The camera lacks a brain, and because the two reflected images are at different effective distances, one of them may be out of focus at the film plane. This enhances the effect, as does the bright, undiffused EF. If the flash hits the mirror, and is then reflected onto the subject, you effectively have multiple sharp light sources creating multiple shadows in multiple directions. Plus, you may have projected reflections of other bright and/or shiny objects nearby.

I seem to be a lot better at describing than solving, but the reflections from the front mirror surface can be minimized by polarization, and the judicious use of barndoors and scrims can solve most of the problems created by the light-source reflections.

-- Lyle Aldridge (dridgee@aol.com), July 12, 2001.


Is this double image only in the mirror reflections by any chance? I can't believe there's anyone that doesn't know that you get a double reflection from a rear silvered mirror!

-- Pete Andrews (p.l.andrews@bham.ac.uk), July 13, 2001.

Lyle,

Thank you very much for your extensive reply. It really helped me better understand what may have happened. Despite the arrogant and condescending calumny of Pete Andrews's response, I was NOT aware that one mirror could wreak such acutance havoc across an entire picture field.

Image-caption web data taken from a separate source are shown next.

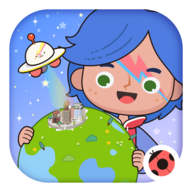 miga town my worldʰ2024(Miga World)v1.75 ׿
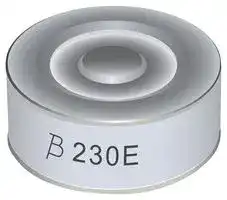 GDT230E-50-A-BX: Gas Discharge Tube (GDT), GDT230E Series, 500 V, SMD, 160 kA, 1.3 kV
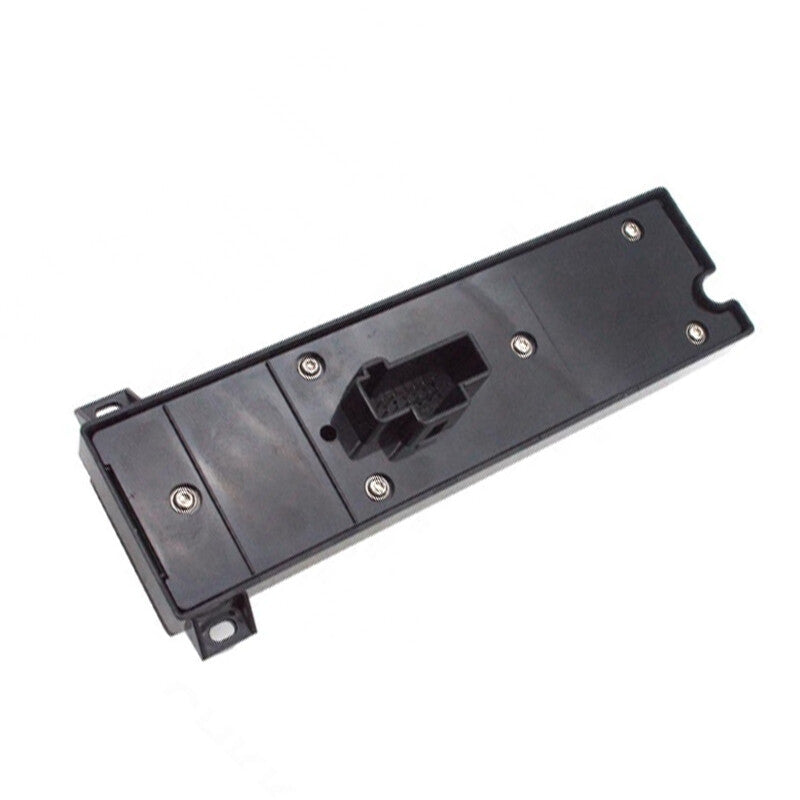 ya 1 8.5.3 3M512K021AB Power Window Switch Front Left Drive Side For 2005-2007 FOCUS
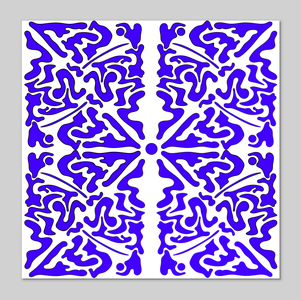 How to Make Nice and Easy Patterns for Anything!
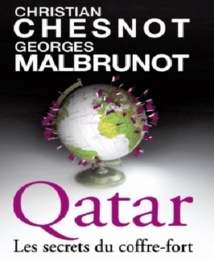 Qatar ou la diplomatie du carnet de chèque Qatar ou la diplomatie du carnet de chèque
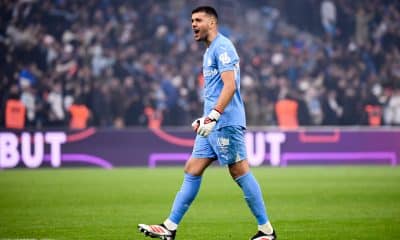 Geronimo Rulli (OM)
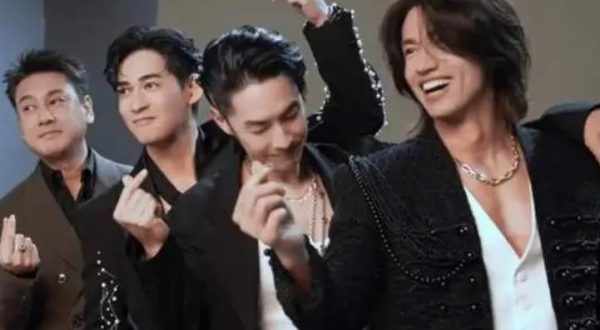 朱孝天道歉声明后火速开启“一键防护”，网友质疑：表演式悔过？ 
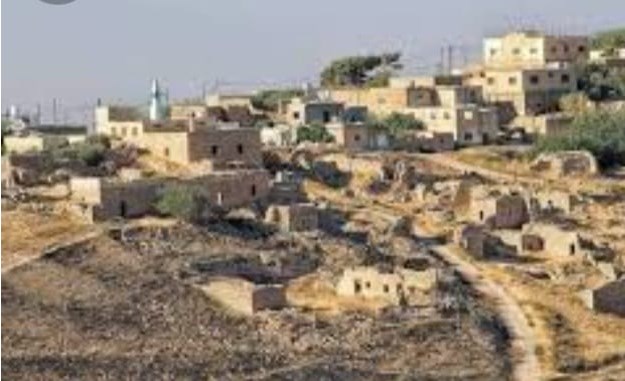 اهالي صمد التراثيه يثمنون قرارا لوزير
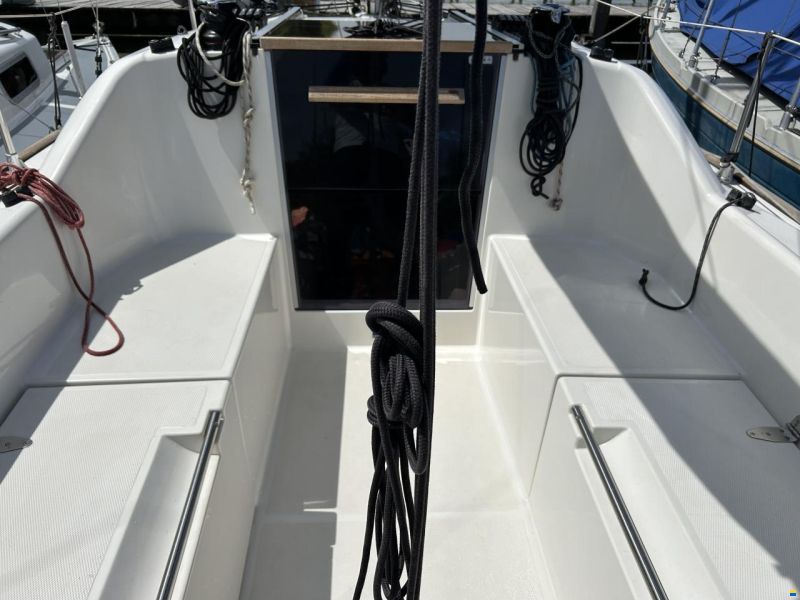 Sunbeam 22.1
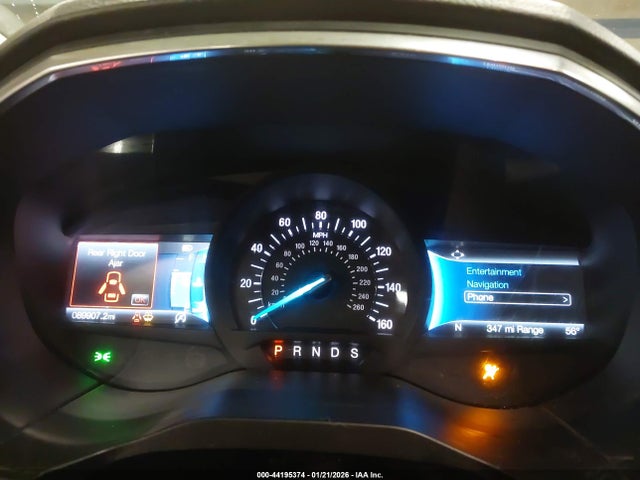 2021 FORD EDGE 2FMPK4K97MBA27157 Photo 6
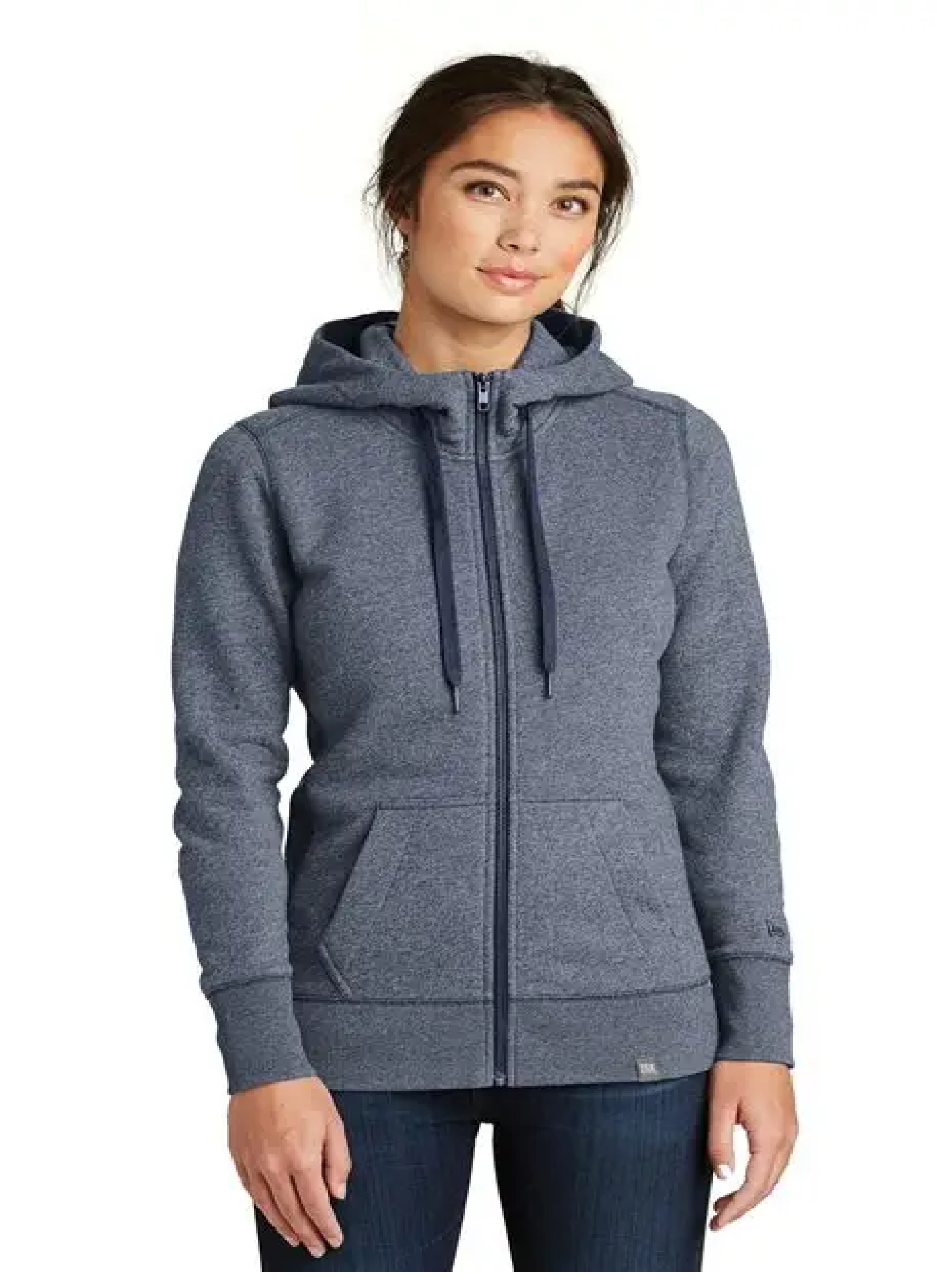 Ladies Hoody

To be sure, I am still having trouble coming to grips with the notion that a whole picture could become bathed in a kind of maddeningly subtle blurriness--across whole AREAS (such as a person's face) and NOT JUST ALONG EDGES, especially edges NOT directly facing or adjacent to the mirror-- and in places within the picture where I wouldn't have expected the mirror to have been able to bounce light TO. I mean the subject in my photograph was laying with her back, afterall, on top of the mirror and her head facing up to the camera, so, for example I don't quite know how the center of her face (her nose, for instance) could receive reflection from this perspective and subsequently become blurred, but maybe the refracted light rays somehow reached there... And as I just mentioned, all of this didn't just amount to a breakdown of sharpness along edges, but across areas too... Maybe the fact that these "areas" acted like different "geometric planes" within the picture with respect to the light source and mirror, that they in turn ended up reflecting or receiving reflected light in the way that the edges did too...

Lyle, do you think that if I put a polarizing filter over the lens that all of this VERY VERY SUBTLE GHOSTING and DOUBLENESS of LIGHT would be eliminated COMPLETELY? I absolutely need for these pictures to be razor sharp, as they will need to stand enlargement by a large factor, from a 4 x 5 negative to mural size.

Also, is it possible to purchase SINGLE-coated mirrors in very large sizes (4 ft x 5 ft), and if so, would that then cut down or completely eliminate edge/area blurriness? Or would the reflection from just one layer of mirror coating still wreak sharpness havoc?